The Slovenia Times

Kadunc staying on as RTV Slovenija director general

Politics

Ljubljana - The programme council of public broadcaster RTV Slovenija did not adopt on Monday a motion to dismiss director general Igor Kadunc which had been proposed by 13 councillors. Fourteen councillors voted in favour, but 15 votes are needed to dismiss the director general. Nine voted against and six abstained on the 29-member council.

The motion was put forward in October with the proponents claiming that Kadunc was working negligently and causing significant damage to RTV Slovenija.

They accused him of being responsible for RTV operating in the red between 2017 and 2019 and of failing to draw up a number of documents.

Kadunc rejected all the allegations already last month, arguing the motive for the dismissal was changing the public broadcaster's editorial policy.

He repeated this today, while also rejecting the reproaches against him as misleading by arguing the bulk of the circumstances that caused RTV's financial situation had to do with objective, external factors he had no control over.

Kadunc said that without the measures adopted under his watch, the broadcaster's loss in 2019 would have been EUR 9.4 million higher compared to 2016, when he took over, and EUR 4.6 million higher compared to 2018.
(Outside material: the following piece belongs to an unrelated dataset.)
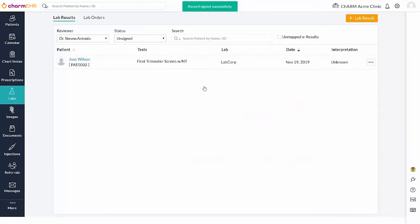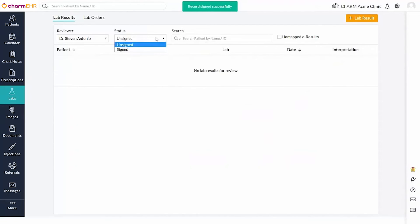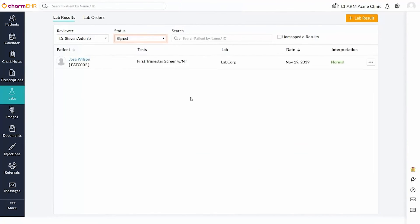You can easily locate all signed results by utilizing the Signed Results filter. The lab report can be downloaded using the Export as PDF option.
"RTV is managing business fairly well, but it needs to execute the programme of course. Additional cuts could lead to an impoverished programme," he added.

Councillor Slavko Kmetič on the other hand presented a legal opinion by the Matoz law firm, which states that the dismissal motion "is concrete enough and that the accusations suffice for a dismissal".

Similarly, fellow councillor Janez Štuhec did not find Kadunc's highlighting of the financial situation before his arrival convincing.

Štuhec was backed by Žiga Kušar, who said it was high time RTV got a director general who will also have the political wisdom to lend an ear to the positions of the programme council, the supervisors, employees and of the Culture Ministry.

Some of the councillors were however critical of the motion, with Petra Ložar speaking of a "an essay containing reproaches that definitely do not hold water" and Sašo Hribar, a representative of RTV workers, assessing this was a purely political initiative.

The RTV workers' council has also voted on the motion, rejecting it with 11 votes against and one abstained.

Earlier in the day, the attempt at dismissing Kadunc was discussed by the parliamentary Culture Committee upon the request of four left-leaning opposition parties.

They argued it was meant to facilitate the government's taking control of the public broadcaster, whereas the coalition MPs said the committee's session in itself was a form of pressure on RTV councillors not to sack Kadunc.